SB: There are stories implied in your images. Does a story come to your mind at some point along with the image?
GC: In terms of what it actually means? No. I really don’t have any interest in the before or after. I am just completely invested in the single moment. I can have some ideas, but I much prefer to keep that a mystery and just make sure that I render that single moment as perfectly as I can.
SB: Are you a movie fan?
GC: I love films in general, I love light on the screen. My favorite filmmakers— David Lynch, Cronenberg, Hitchcock, Orson Welles — in all these filmmakers, there are levels of meaning where nothing is as it appears to be. In terms of influence, I could be looking at any movie and there could be a scene in the movie that strikes me as beautiful that I could just file away.
SB: Your photographs could be mistaken for stills from a film.
GC: Ultimately, there’s a big difference from a movie in that there’s a certain kind of investment to a single image that no movie could sustain. That’s one of the reasons I don’t make movies, because I love the notion of putting everything into a single picture.
SB: Do you think of yourself as a storyteller?
GC: Yes, I do, a storyteller in a very particular way. I don’t want my pictures to be hermetic or inaccessible. I want the pictures to tell a story of some sort and engage the viewer. Photography has a very limited capacity to tell a story, so it’s a very different kind of story than film or literature.
SB: It’s an implied story.
GC: Of course, like all photographs are.
SB: Do you think of yourself as a New England photographer?
GC: That’s an awful interesting thing. At this point, I feel like it’s very clear that a setting is so important to my pictures and I’ve made all my pictures in and around the Berkshires. The way I see it is that the setting is a stage for my picturemaking activities and it’s an important one, but I also want the picture to feel like it could be anywhere.
It’s the place, it’s my connection with the place and it’s my imagined sense of the place all coming together. My family has a cabin in Becket and that’s the starting point of why I make pictures there. And we stil have that cabin.
SB: What’s your trajectory in photography been?
GC: I started photography late in life. I really didn’t start until I was an undergraduate at SUNY Purchase, that’s really when I took my first photography class and, from that moment, it was very obvious what I wanted to do.

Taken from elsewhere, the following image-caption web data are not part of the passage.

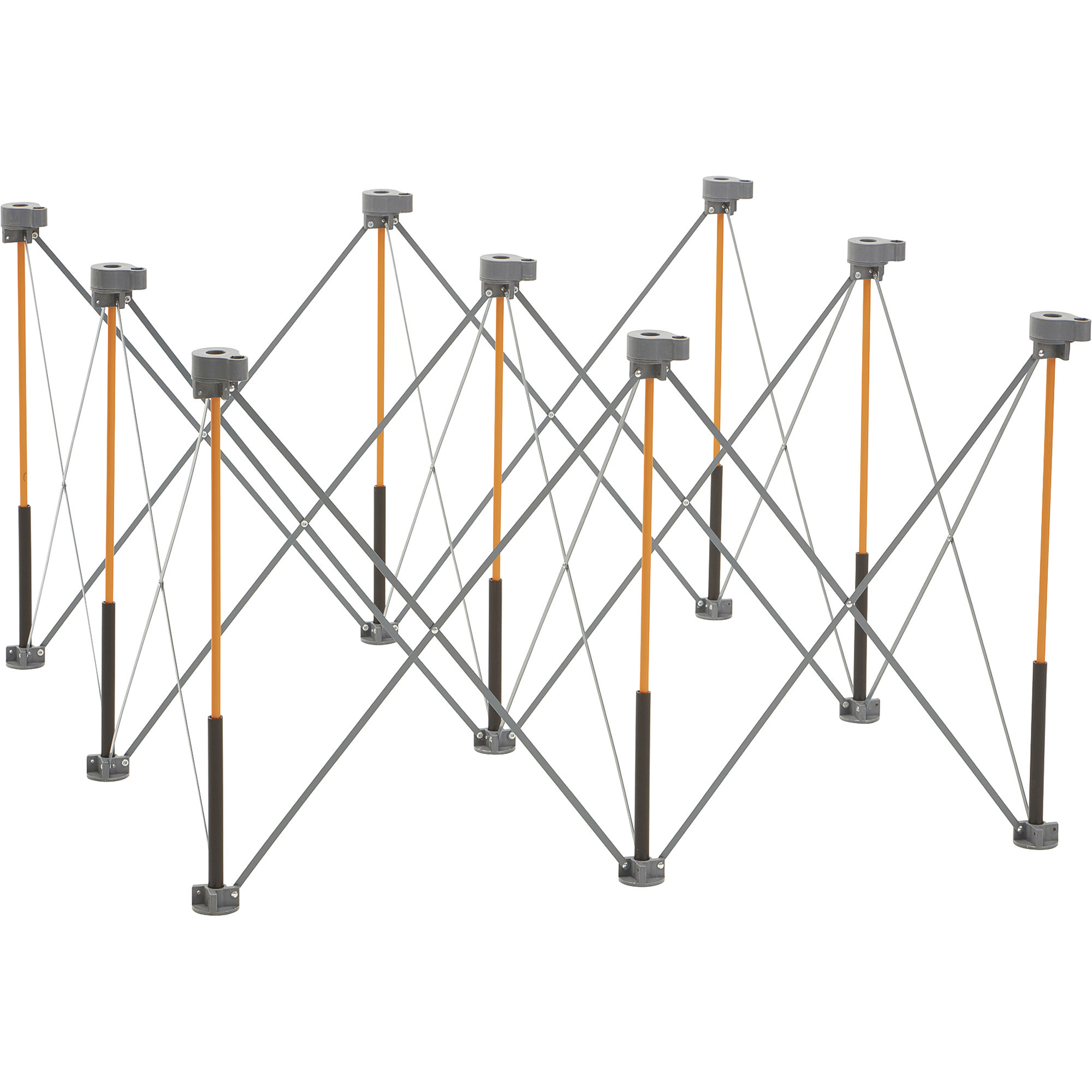Bora Centipede Folding Portable Work Stand, 4ft. x 4ft., 3500-Lb. Capacity, Model# CK9S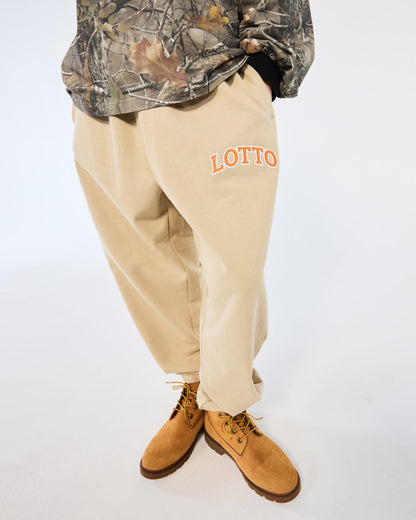 LOTTO ARCH LOGO 圖案 運動衛褲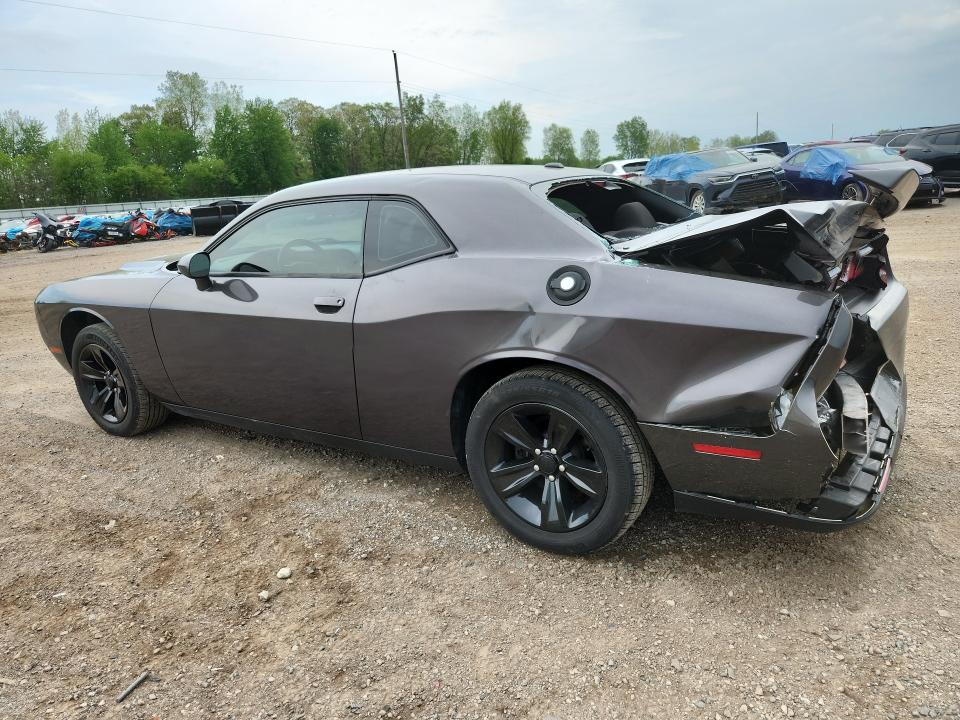 Photo 2 from auction – 2020 DODGE CHALLENGER with VIN 2C3CDZAG6LH149289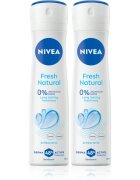 Nivea Fresh Natural set pentru corp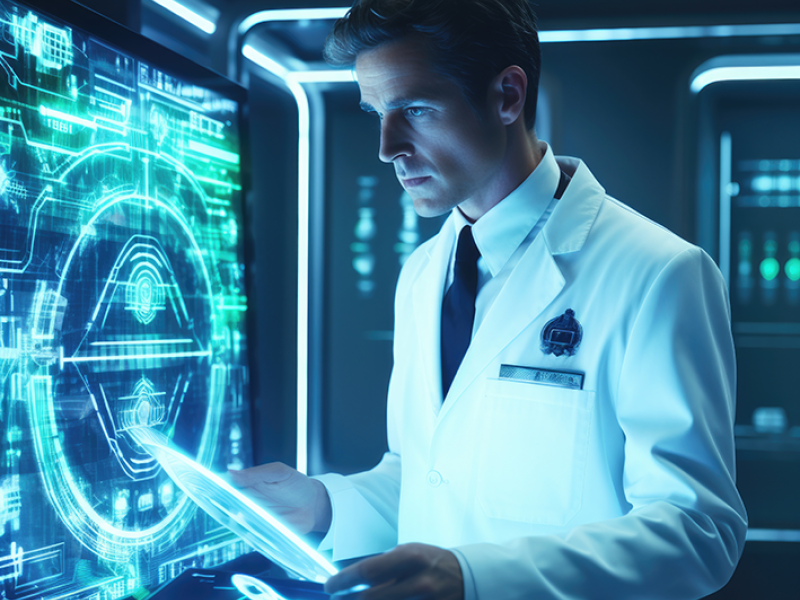 Inteligencia artificial en medicina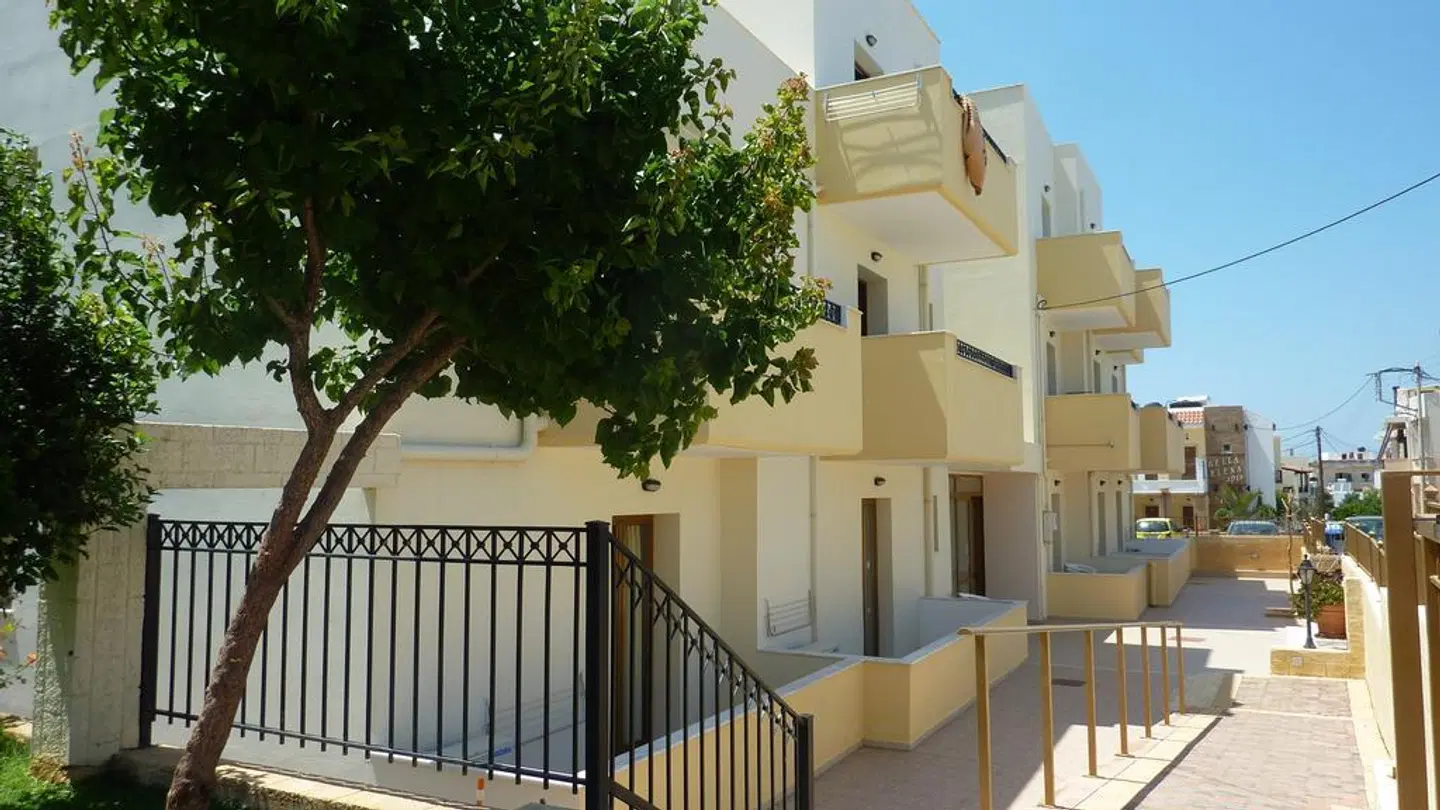 Newcastle Studios Terrasse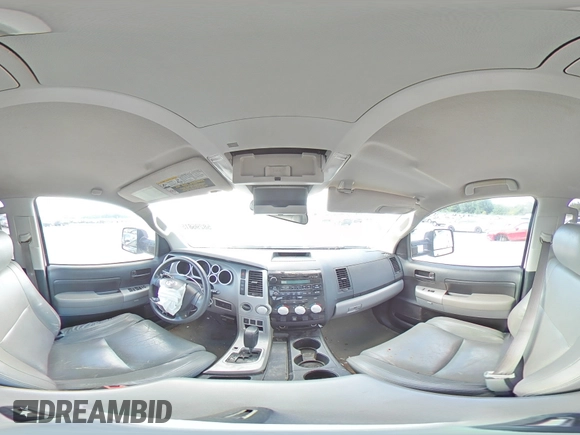 2008 Toyota Tundra with VIN 5TFBV54198X044771, listed as a Copart auction lot 58296815 with 288,619 mi miles and Salvage title. Bid and sale history available at DreamBid. Image 14.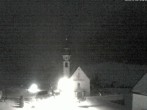 Archiv Foto Webcam Vent - Blick zur Kirche und den Stubaier Alpen 21:00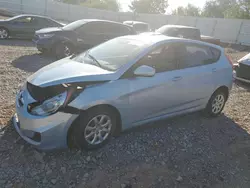 2012 Hyundai Accent GLS en venta en Oklahoma City, OK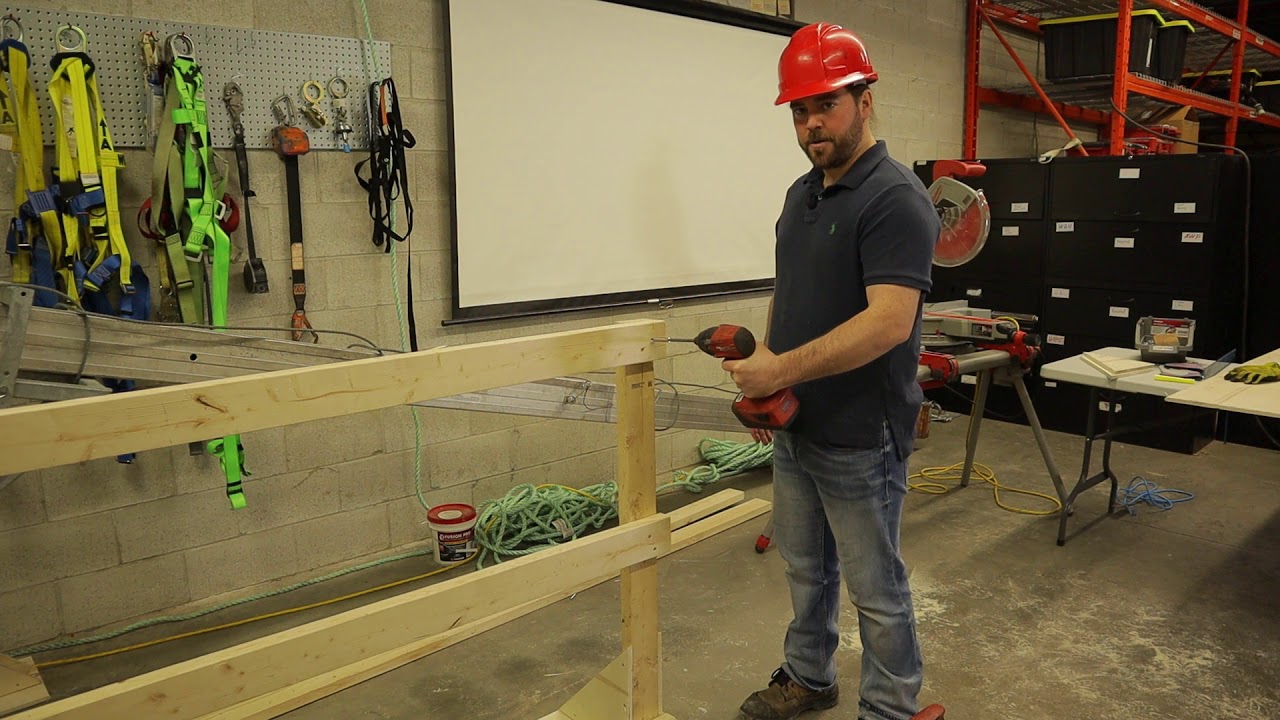 Saftey Talk Power drills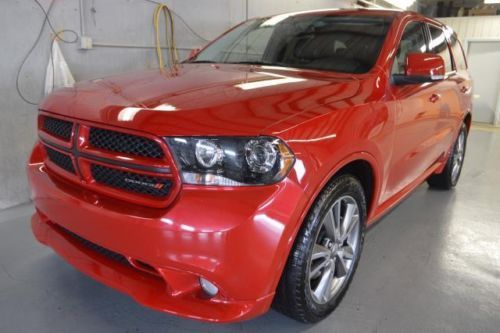 2013 durango r/t, awd, nav, leather, rear camera!!!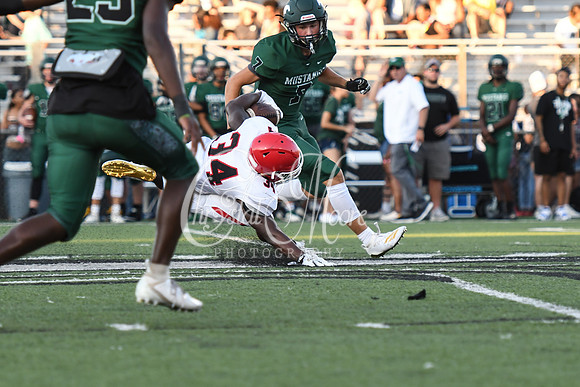 Allatoona High School Football Friday Night Action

The first art photograph that really had a profound effect on me was the Diane Arbus retrospective that my father took me to when I was 10-years-old. It wasn’t until later I realized that I had that connection. It’s a long list of people who have influenced me, from Cindy Sherman to William Eggleston.
SB: What sort of photos did you take when you first started?
GC: I’ve always, over and over again, been drawn to the same subject matter, suburban landscapes, small towns, always.
SB: Is it a case of a city kid finding a rural area exotic?
GC: I feel the reason I’m drawn to that kind of imaginative place is that I look at it with a sense of wonder and awe, but I also feel like I have a double life. I have my life in New York with my family, and then I have my more imaginative life when I’m in Massachusetts and I make my pictures.
What I’m most interested in now is a kind of non-descript desolate town where everything feels like its from another period, but you can’t quite put your finger on it.